#### [Data provided]

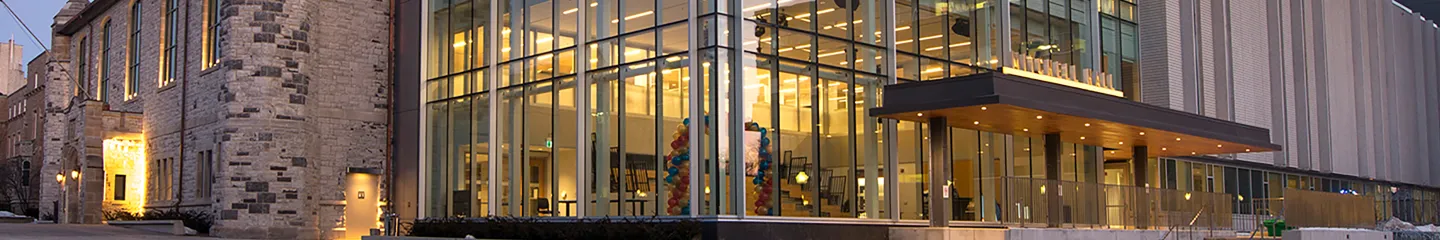 Photo of Mitchell Hall at Queen's campus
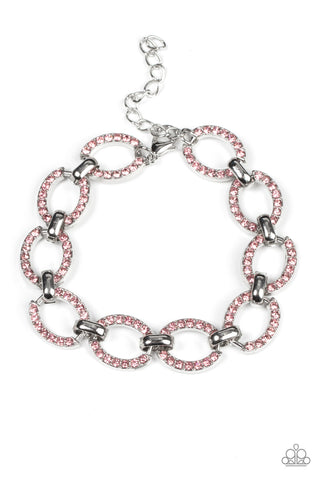 Date Night Debonair - Pink - Paparazzi Accessories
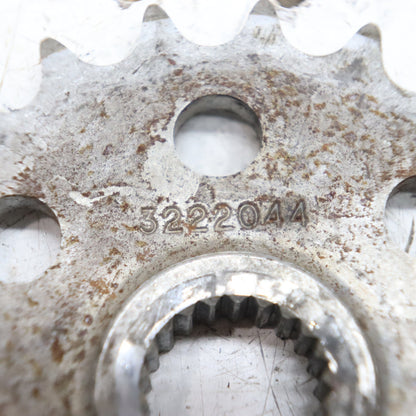 1995 Polaris Xplorer 400 Drive Sprocket Gear 22 Tooth 3222042; 3222044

#### [Task item]
Skip the pictures, then retype every line above exactly.

#### [Written solution]
 Photo of Mitchell Hall at Queen's campus
 Date Night Debonair - Pink - Paparazzi Accessories
 1995 Polaris Xplorer 400 Drive Sprocket Gear 22 Tooth 3222042; 3222044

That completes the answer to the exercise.